Riprese quindi il cammino. Ma erano passati tre anni. Aveva ormai mancato l’appuntamento con i suoi tre compagni. Non aveva più doni per onorare il re che dovevano incontrare. Aveva perso di vista la stella e si sentiva come noi quando smarriamo la certezza dei riferimenti e la speranza nella nostra vita. In quel mentre, il pianto di una donna gli attraversò gli orecchi e il cuore. «Perché piangi, donna?». «Perché mio figlio, l’unico, è stato rinchiuso in carcere, in quanto per la nostra povertà non abbiamo rifuso il debito all’usuraio. E dovrà rimanere in carcere trent’anni. Che sarà di lui e di me?». «Come è possibile aiutarti, donna?». «Soltanto se qualcuno si sostituisse a mio figlio, io potrei riaverlo». «Lo farò io, avrai tuo figlio». Il figlio, come risorto, fu restituito alla madre, ed il re rimase in prigione trent’anni. Trascorso il tempo, il re fu liberato.

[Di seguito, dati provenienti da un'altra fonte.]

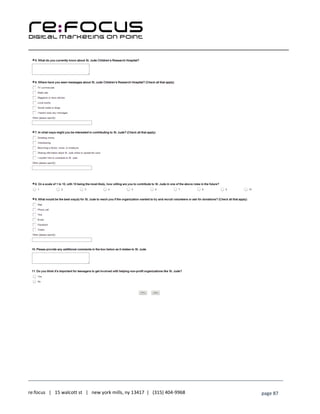 ____________________________________________________________________________________________________
___________________________________________________________________________
re:focus | 15 walcott st | new york mills, ny 13417 | (315) 404-9968 page 87
 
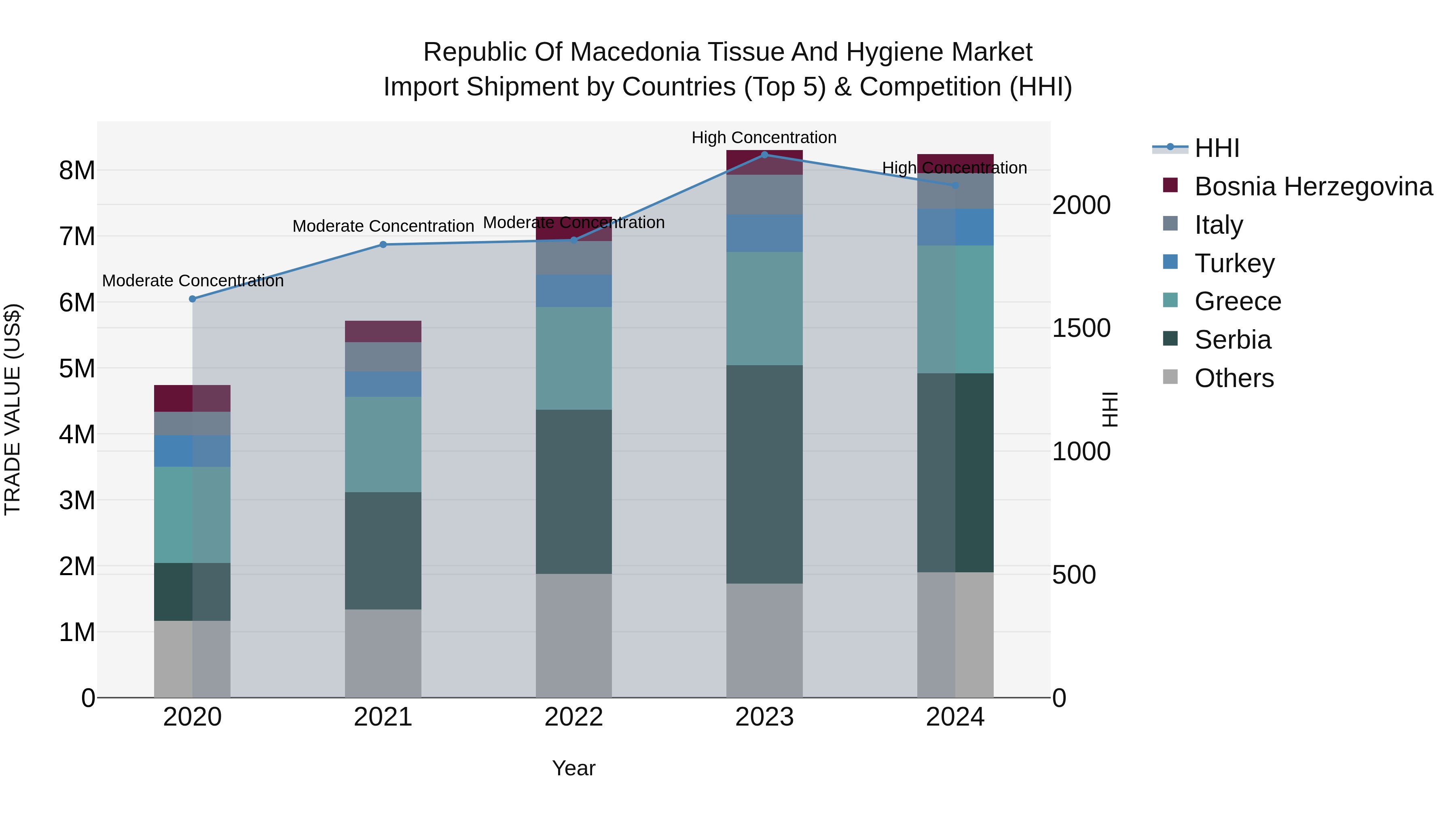 Republic Of Macedonia Tissue And Hygiene Market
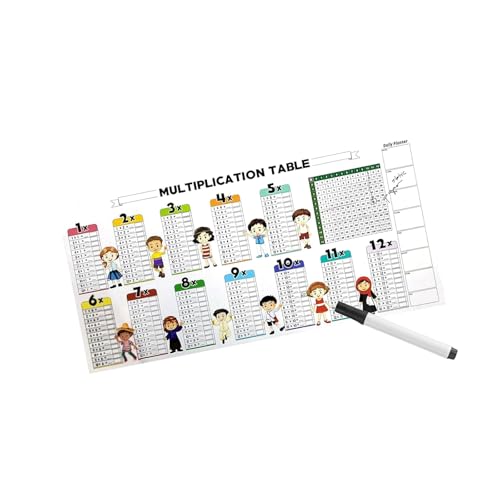 GUUZETU Bildung Trockenerase Farbmultiplikation für Kinder, Selbstüberprüfung im Klassenzimmer Lernhilfen, Wiederverwendbare Mathematikboards, Multiplikationstisch mit trockener Löschung (A) von GUUZETU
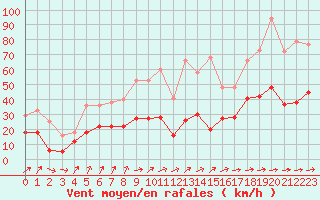 Courbe de la force du vent pour Figari (2A)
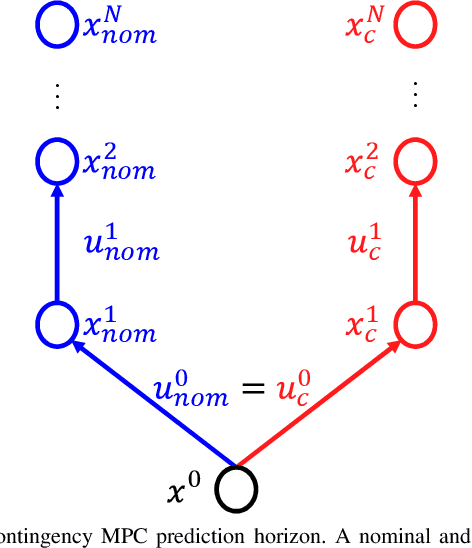 Figure 2 for Contingency Model Predictive Control for Automated Vehicles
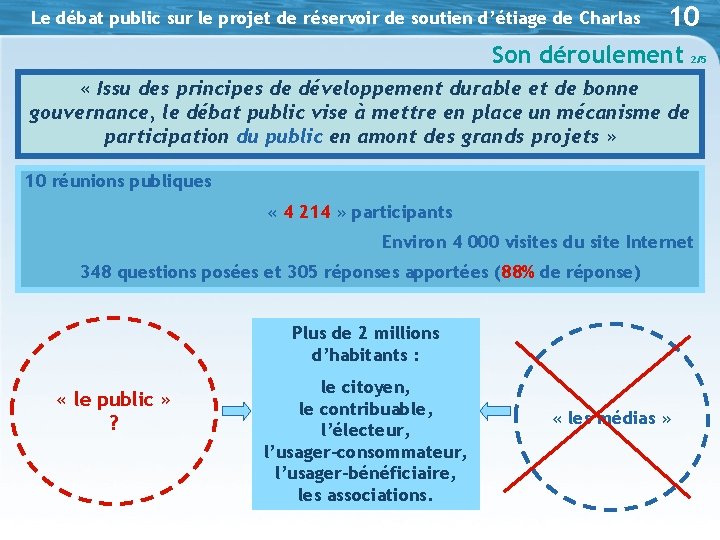 Le débat public sur le projet de réservoir de soutien d’étiage de Charlas 10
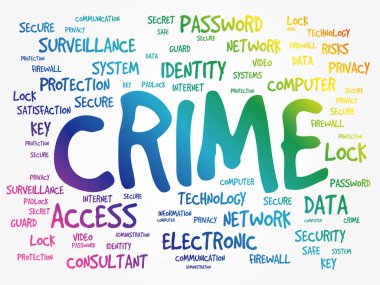 Suç kelimesi bulut kolajı, teknoloji konsepti geçmişi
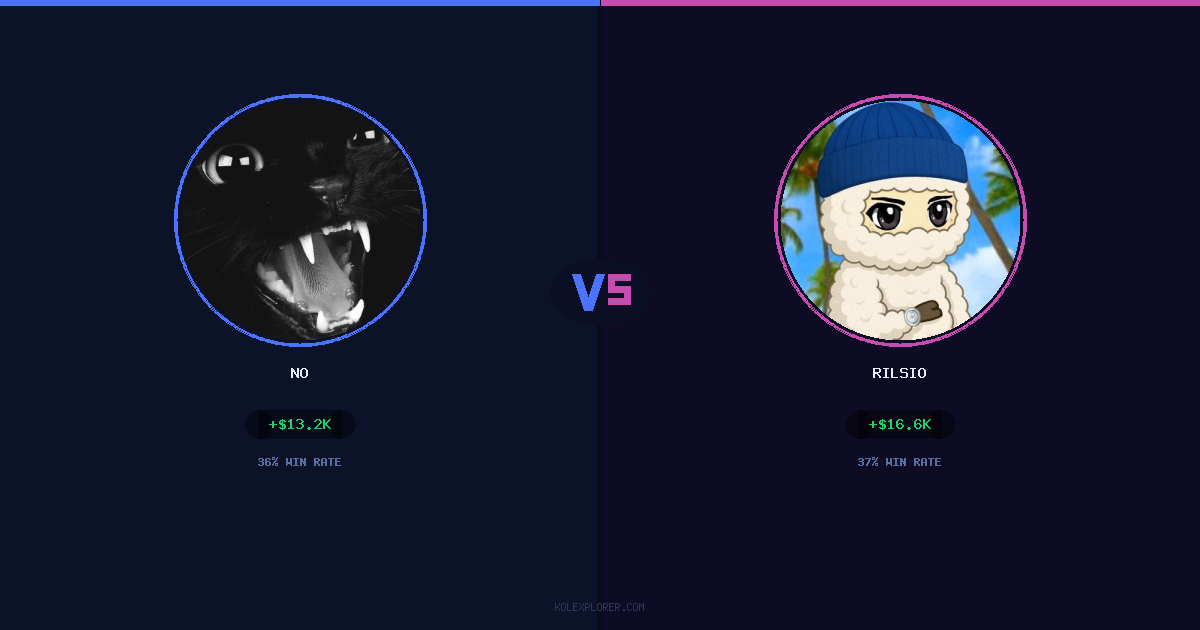 No vs Rilsio preview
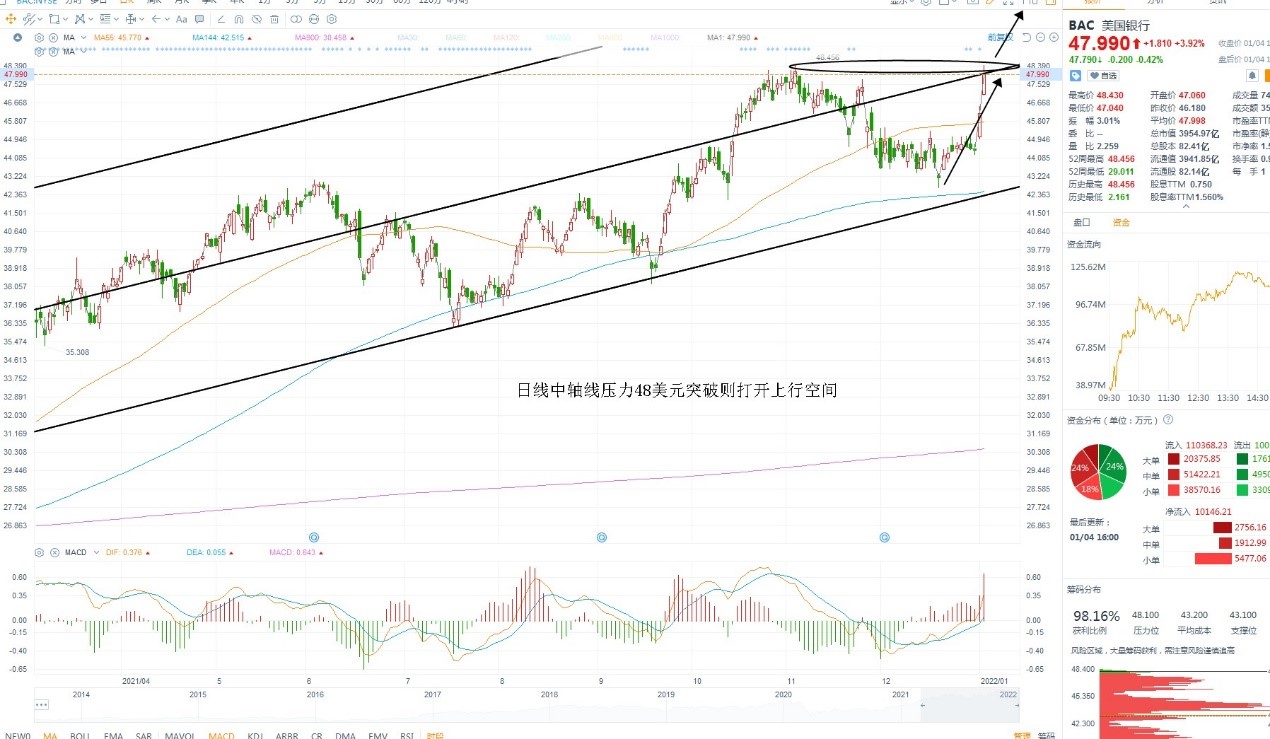 1月5日美股分析、交易市场策略 1月5日美股分析、交易市场策略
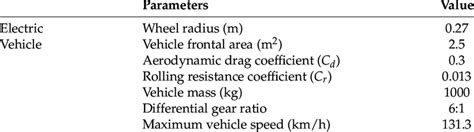 Specifications of proposed EV Design. | Download Scientific Diagram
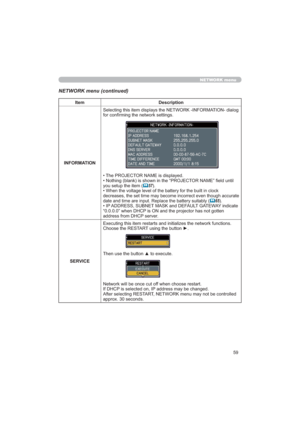 Page 5959
NETWORK menu
NETWORK menu (continued)
Item Description
,1)250$7,216HOHFWLQJWKLVLWHPGLVSOD\VWKH1(7:25.,1)250$7,21GLDORJ
IRUFRQ¿UPLQJWKHQHWZRUNVHWWLQJV
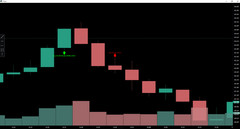 I Will Stress-Test Your US Stock Strategy With Monte Carlo in Python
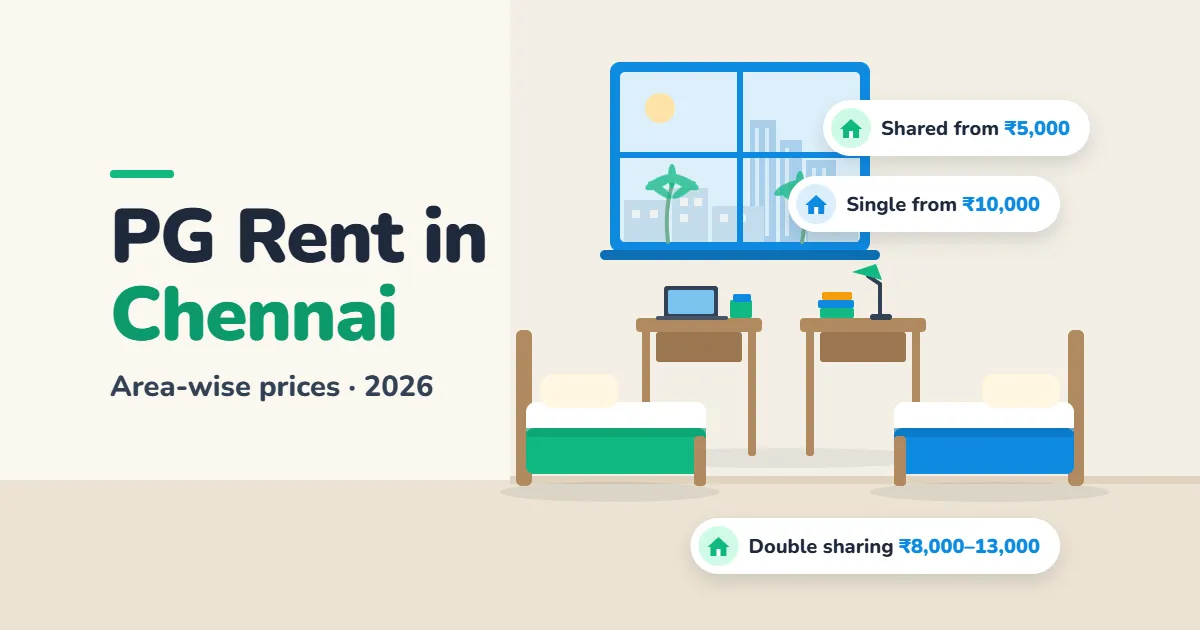 Shared PG room in Chennai with two beds, showing area-wise PG rent for 2026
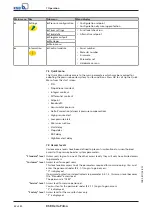 Preview for 32 page of KSB Delta Primo F Installation And Operating Manual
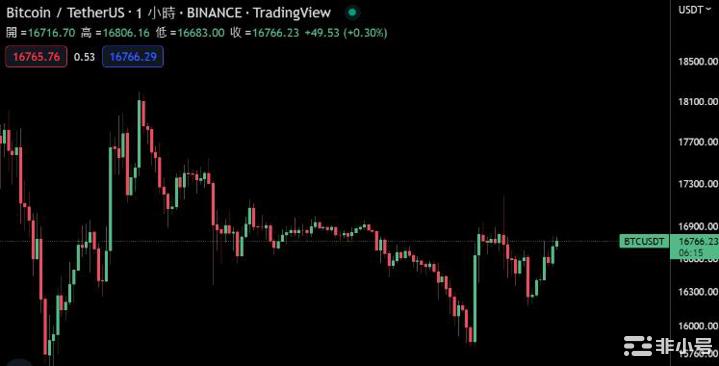 比特币1.7万美元下方震荡；HIVE主席警告！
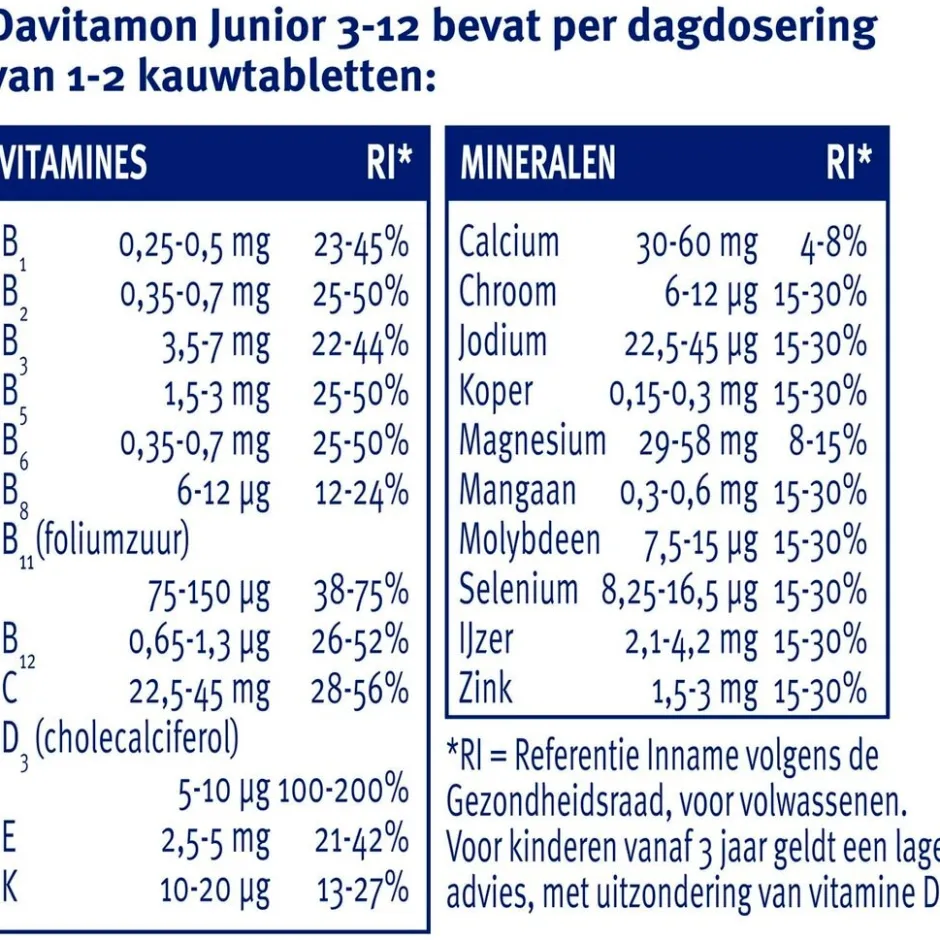 Junior 3-12 Banaan Kauwtabletten|Davitamon Best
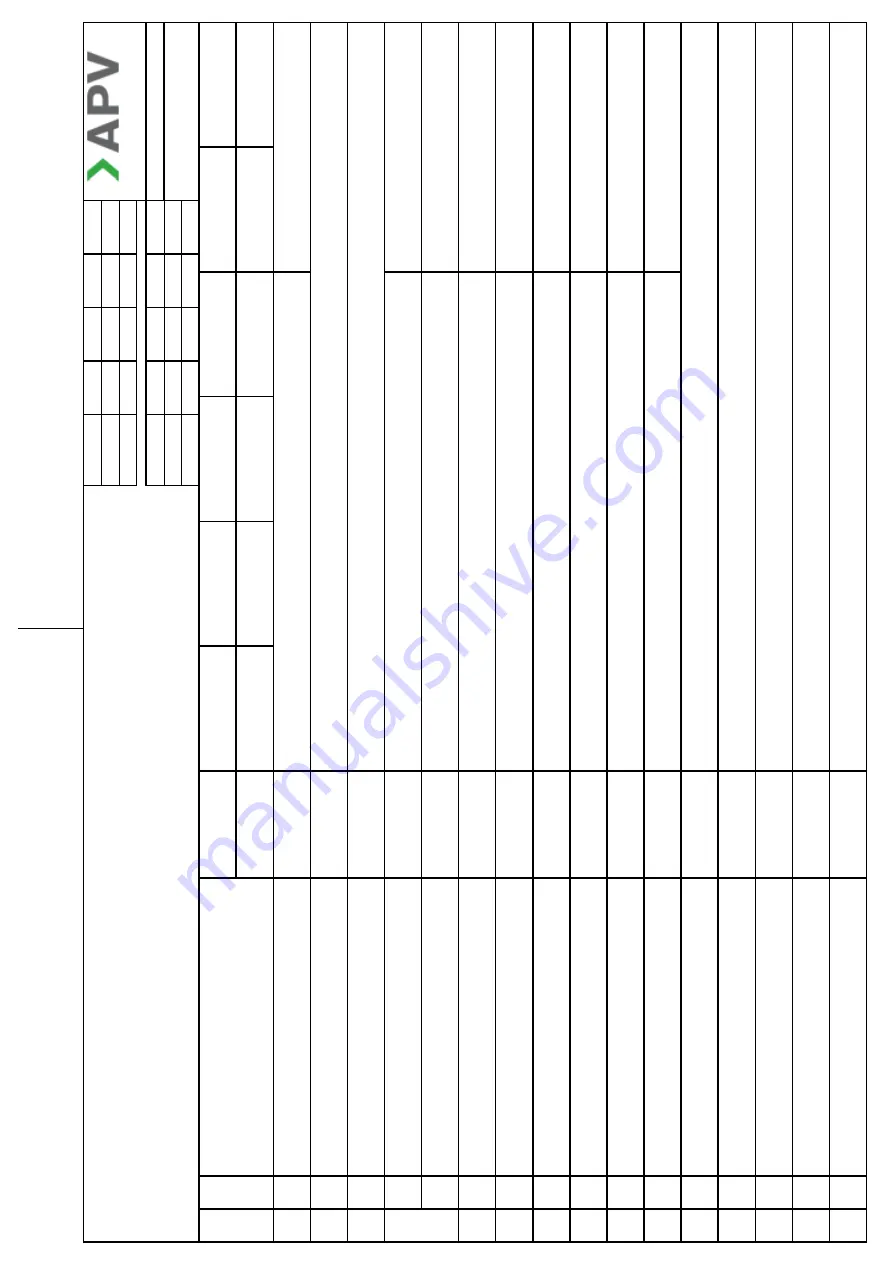 SPX FLOW APV DELTA RGMS4 Скачать руководство пользователя страница 31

Era ormai un’altra persona. Consumato dalle privazioni, era invecchiato e la febbre lo divorava. Tuttavia, sebbene fossero passati trentatrè anni, il suo primo pensiero era sempre a Gerusalemme e al re che doveva onorare. Con le poche forze che gli rimanevano, si incamminò verso Gerusalemme. Giunto alle porte della città santa, si informò: «È qui il re dei Giudei?». «Non abbiamo nessun re che Cesare, qui», gli fu risposto, «ma c’è un poveretto che oggi è stato condannato a morte perché ha detto di essere il re dei giudei. Lo vedi? È quello lì, sulla croce». Il re fissò lo sguardo su colui che pendeva dalla croce. E lo riconobbe. Era di lui che era partito alla ricerca, trentatrè anni prima. Si avvicinò al crocifisso e gli parlò: «Mio re! Perdonami. Sarei dovuto essere qui trentatrè anni fa… E non ho più nulla da donarti…». Il crocifisso gli rispose: «Non temere, servo buono e fedele. I tuoi compagni mi hanno adorato, ma poi sono andati via. Tu invece in questi trentatrè anni sei sempre stato con me, e nei poveri e nei sofferenti che hai servito e onorato, hai servito e onorato me. Oggi stesso, ti dico, sarai con me in paradiso».
Questo racconto ricapitola tutto quanto detto in questi giorni sul cammino di santità che ha bisogno appunto di occhi, cuore, orecchi, bocca, mani, piedi e ginocchia per pregare, adorare il Signore e per amare gli altri. Come ha insegnato don Tonino Bello negli ultimi momenti della sua vita, «questo è il sale della vita: amare. Amare la gente, i poveri specialmente. E Gesù Cristo. Il resto non conta nulla».